まあ確かに、玲奈にはきちんと謝っておいた方がいいとは思うけれど……。
「でも、涼ちゃん……」
涼介の言葉に、美咲の表情が微かに曇る。
しかし、涼介は気づかなかった。
「いいんだって、本当にオレは怒っていないんだから。それより、美咲……おまえ、オレに謝るためにずっと待ってたのか?」
涼介は訊ねた。美咲はまだ制服姿のままだった。
「うん、そうだよ」
なにかおかしい? とでも訊くように美咲は首を傾げる。
……やっぱり、理解できない。
涼介は怒ってもないし、不機嫌にもなっていないのだ。
それは、幼なじみの美咲にも分かっているはずである。
なのに、なぜ謝るのだろうか。
涼介からしてみれば、美咲に謝ってもらう理由などない。

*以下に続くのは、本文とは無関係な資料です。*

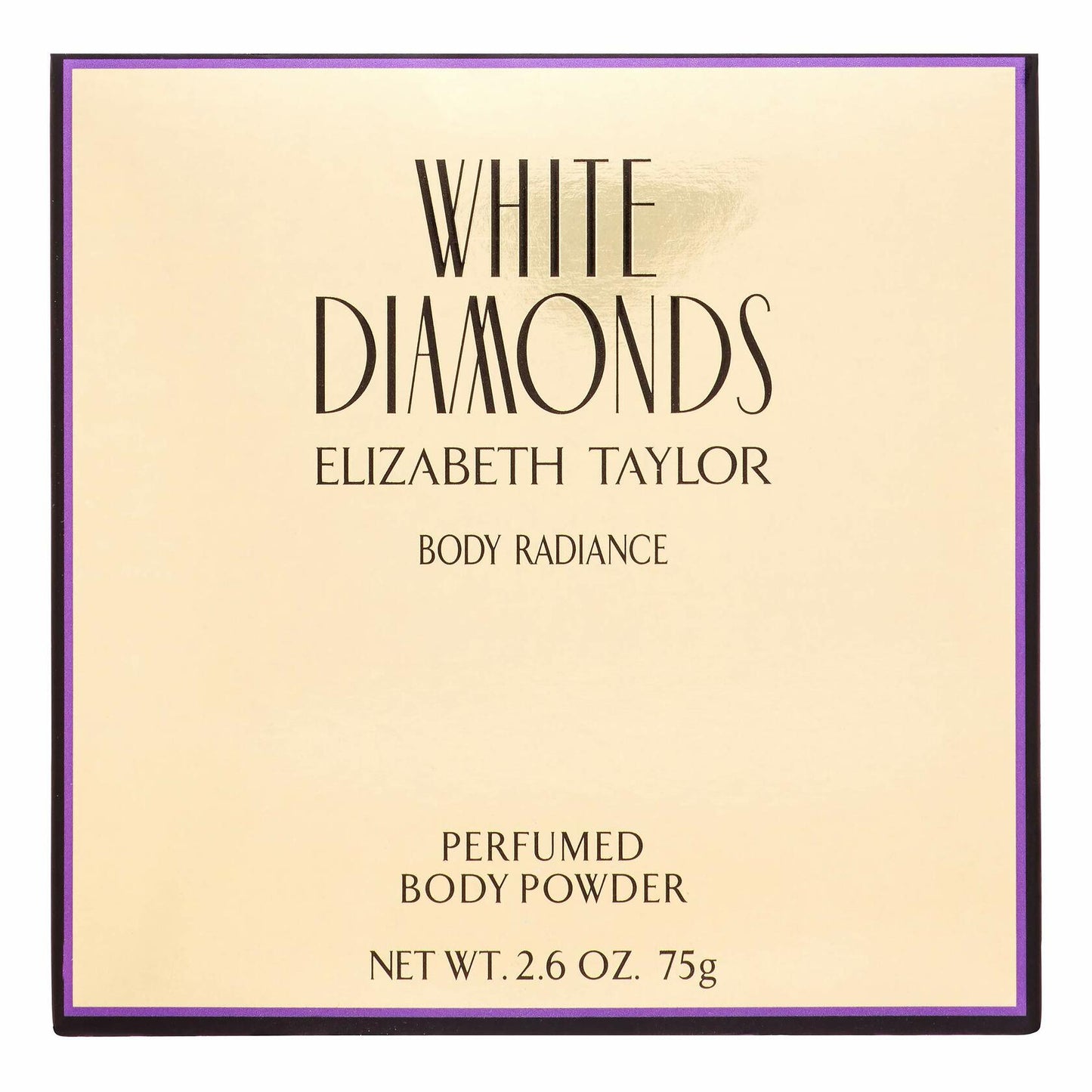 Elizabeth Taylor White Diamonds Body Radiance Perfumed Body Powder 2.60 oz (Pack of 4)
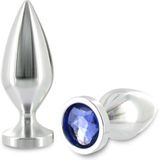 Kheper METAL HARD Anal Plug Diamond Cristal Big 10.16cm Wit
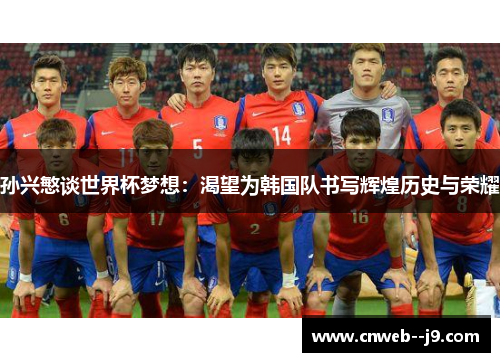 孙兴慜谈世界杯梦想：渴望为韩国队书写辉煌历史与荣耀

それでも、美咲は「ごめん」を繰り返す。
こういうことは、今回が初めてではない。
既に二人が小学生の頃から、時折あった。
〝……不安なんだよ〟
ふと、そんな言葉を思い出す。
前に一度、美咲のことについて、慎也に相談したことがあった。
〝美咲ちゃんは不安なんだよ〟
それはその時、開口一番、慎也が口にした言葉だった。
──不安? 何が不安なんですか?
涼介がすぐさま訊き返すと、慎也はため息を吐きつつ答えた。
〝だから……いつまた、おまえに拒絶されるか不安なんだよ、美咲ちゃんは……〟
美咲は一度、これ以上ないというくらいに涼介に拒絶されている。それが今も美咲の傷になっているのだ。
そして、その拒絶の原因はまだしっかりと涼介の中に残っている。少しも解消されていない。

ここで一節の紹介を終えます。